[RECORDS FOR THE TASK]
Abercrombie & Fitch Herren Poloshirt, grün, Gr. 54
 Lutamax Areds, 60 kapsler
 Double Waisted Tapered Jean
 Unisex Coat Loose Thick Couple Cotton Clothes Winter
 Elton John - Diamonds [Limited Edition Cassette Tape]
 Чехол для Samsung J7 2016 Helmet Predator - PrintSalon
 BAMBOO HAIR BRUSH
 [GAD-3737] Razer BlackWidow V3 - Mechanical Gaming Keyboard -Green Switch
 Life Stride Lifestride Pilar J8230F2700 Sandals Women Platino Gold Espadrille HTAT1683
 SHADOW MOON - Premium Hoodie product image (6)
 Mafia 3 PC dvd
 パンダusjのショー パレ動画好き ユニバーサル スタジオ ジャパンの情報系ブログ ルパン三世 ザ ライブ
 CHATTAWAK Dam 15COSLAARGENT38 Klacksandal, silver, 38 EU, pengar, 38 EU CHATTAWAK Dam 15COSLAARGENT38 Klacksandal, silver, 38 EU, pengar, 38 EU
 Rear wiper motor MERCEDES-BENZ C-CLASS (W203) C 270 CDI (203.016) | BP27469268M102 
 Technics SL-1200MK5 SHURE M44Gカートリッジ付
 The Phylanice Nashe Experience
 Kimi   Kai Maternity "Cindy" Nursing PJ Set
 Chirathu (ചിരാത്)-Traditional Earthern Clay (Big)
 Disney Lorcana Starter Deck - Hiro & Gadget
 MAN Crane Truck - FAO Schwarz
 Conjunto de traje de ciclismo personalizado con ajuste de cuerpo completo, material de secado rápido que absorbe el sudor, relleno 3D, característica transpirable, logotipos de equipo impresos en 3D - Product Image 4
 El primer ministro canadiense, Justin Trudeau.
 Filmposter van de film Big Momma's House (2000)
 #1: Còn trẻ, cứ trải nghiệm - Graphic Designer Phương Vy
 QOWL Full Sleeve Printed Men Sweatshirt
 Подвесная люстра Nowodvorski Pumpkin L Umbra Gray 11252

[TRY IT] All that is wanted is a faithful reproduction of the line above with "Rear wiper motor", the line with "MAN Crane Truck - FAO Schwarz", and every line in between.

[RESPONSE FOR THIS EXERCISE]
 Rear wiper motor MERCEDES-BENZ C-CLASS (W203) C 270 CDI (203.016) | BP27469268M102 
 Technics SL-1200MK5 SHURE M44Gカートリッジ付
 The Phylanice Nashe Experience
 Kimi   Kai Maternity "Cindy" Nursing PJ Set
 Chirathu (ചിരാത്)-Traditional Earthern Clay (Big)
 Disney Lorcana Starter Deck - Hiro & Gadget
 MAN Crane Truck - FAO Schwarz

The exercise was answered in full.